Yes, it is possible to achieve that result. But instead of a self-optimizing Neural Network, I'd recommend another approach:
1. Don't let training time interfere.
If you are trying to train the agent DURING the environment runtime, that's probably the problem.
Training time is usually much bigger than evaluation time. And deployed models usually don't train, so it won't be a problem in production.
You can do 2 things about that:
1.1 "Pause" the game during training.
It might look like "cheating", but in your agent's point of view, they are not actually playing during train time. And once again, it's just simulating how it would behave in production.
But if you can't pause it:
1.2 Disable training during runtime.
Store all states and decisions. Wait until the game is over and then you train the whole batch.
Professional chess players don't try to learn during a blitz challenge. But they do study their own games later to learn from their mistakes.

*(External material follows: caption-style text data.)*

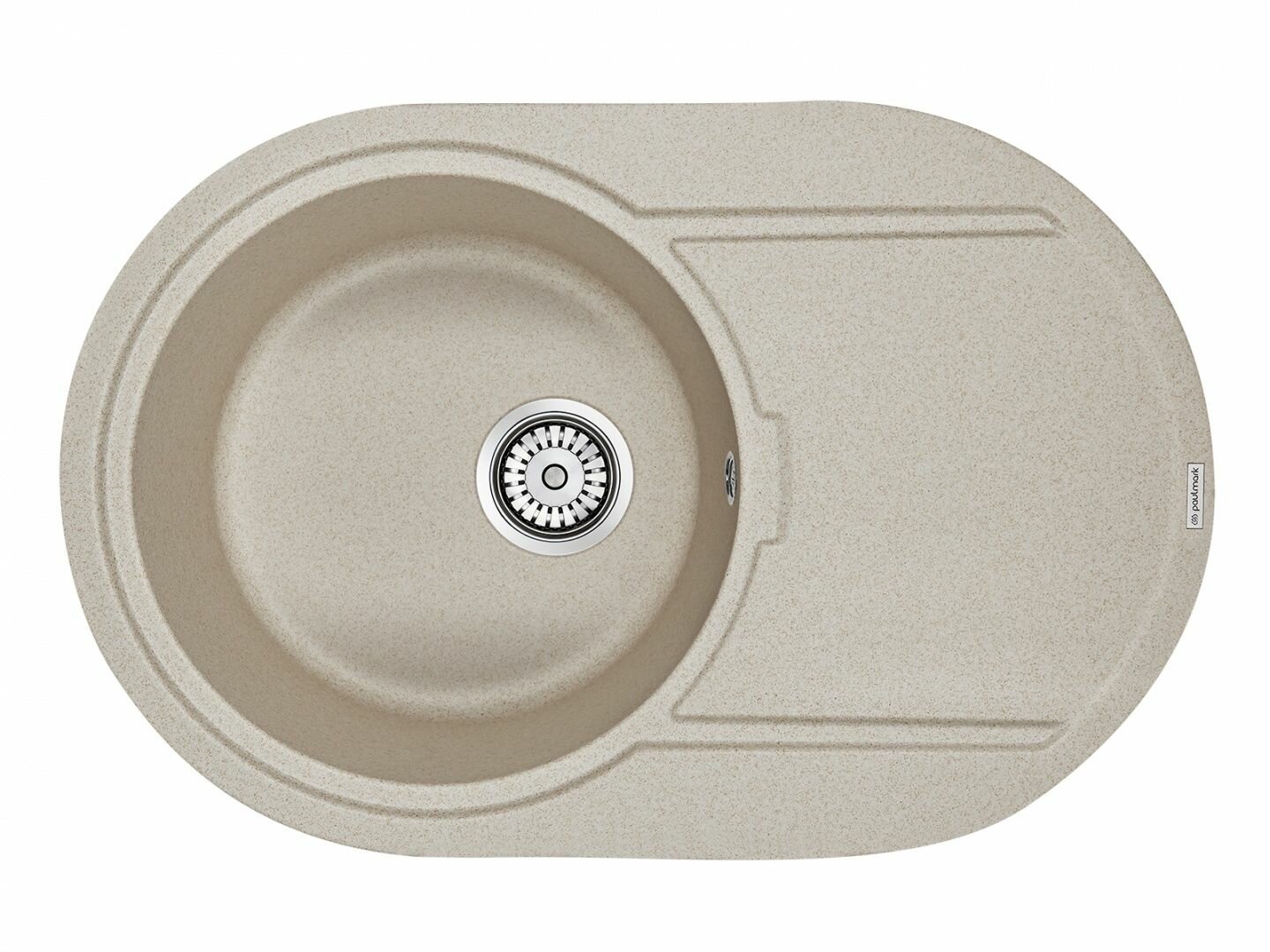 Кухонная мойка Paulmark Fittich PM317650-BE из кварца, бежевый
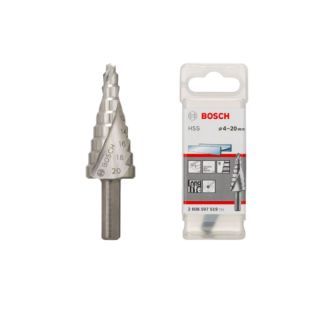 Bosch ดอกสว่านขั้นบันได สีเงิน รุ่น HSS รหัส 2 608 597 519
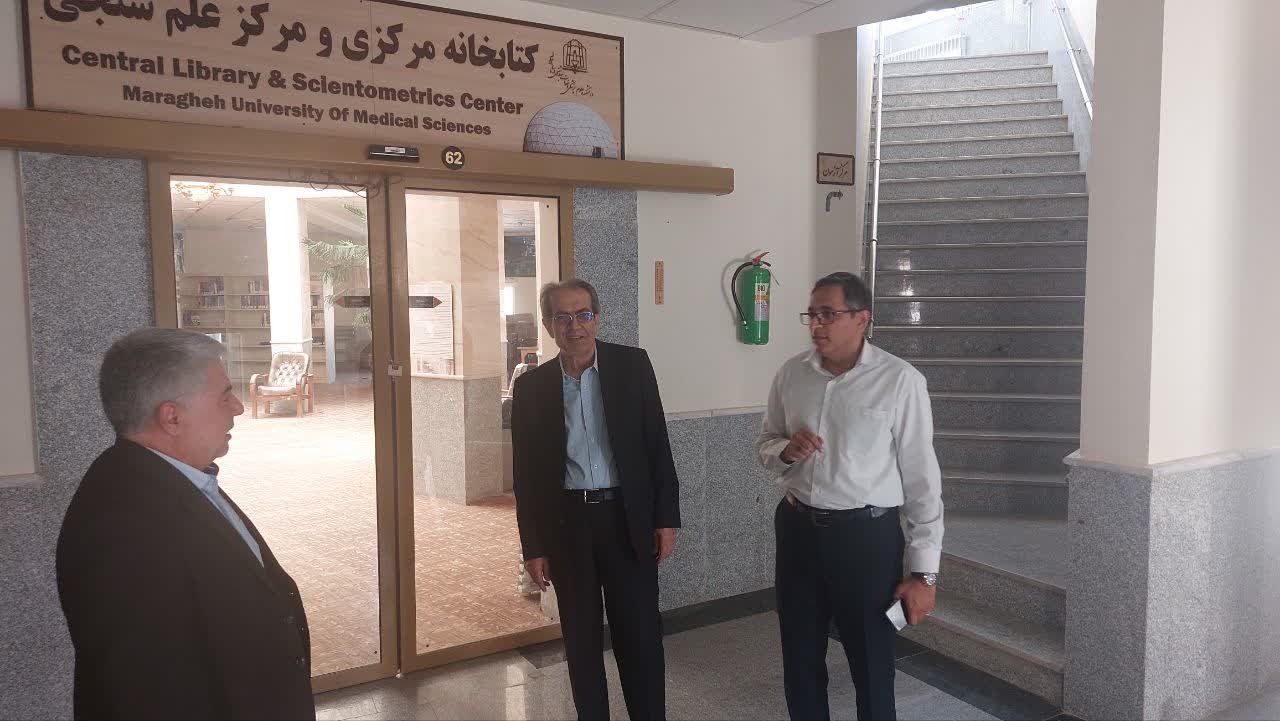 رئیس دانشکده علوم پزشکی مراغه از پروژه‌های عمرانی بازدید کرد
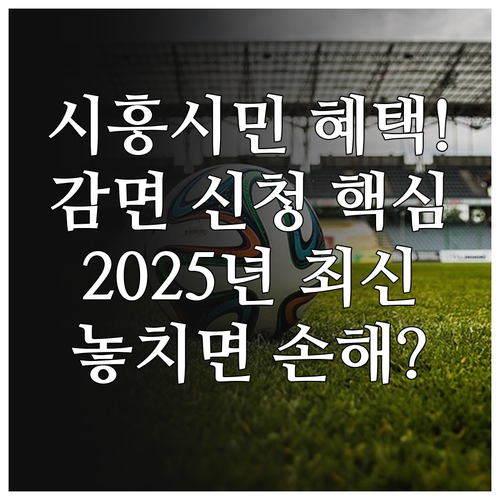 2025 시흥시 인조잔디구장 이용료 ..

2. Optimizing hyper-parameters for speed.
You could tweak some hyper-parameters (like the size of your NN) looking for a faster model. Keep in mind it would still be an algorithm that always runs in a fixed time, but you might find some way to make it always
2.1 Using Machine Learning for this Optimization
There are some meta-learning techniques and other methods like NEAT, that can automate your search for a simple effective topology. NEAT already rewards the simplest architectures, penalizing complexity (which is usually attached to speed), but you could also force it to consider running time specifically.

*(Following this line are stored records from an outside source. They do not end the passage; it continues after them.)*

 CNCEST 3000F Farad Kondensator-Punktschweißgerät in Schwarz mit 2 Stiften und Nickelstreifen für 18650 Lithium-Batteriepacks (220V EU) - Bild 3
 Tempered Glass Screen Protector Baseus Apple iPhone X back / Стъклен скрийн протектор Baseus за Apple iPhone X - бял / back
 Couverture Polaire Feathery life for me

3. Another Network for Another Task
You could a make another short network for deciding if the next move should be accurate or fast. Based on this result, it will choose between precision or speed. This choice could be by flagging a parameter (like branch prediction) or even running a whole new algorithm:
NeedForSpeed = TimeEstimation(state)
#Sorry, I couldn't resist the pun!
if NeedForSpeed > 0.8
decision = agent.instantReactionDecisionTree(state)
elif NeedForSpeed > 0.5
decision = agent.decideStandard(state, branchPrediction=True )
elif NeedForSpeed > 0.2
decision = agent.decideStandard(state)
else:
decision = agent.DeepNN(state)
Bonus: Use Other ML algorithms
Some algorithms have explicit parameters that directly affect the tradeoff for time x precision.
For instance, MCST (Monte Carlos Search Tree) can keep running forever until it explores all possibilities, but it usually finishes before, giving you the best solution found so far.
So, one possibility would be trying some other method instead of Neural Networks.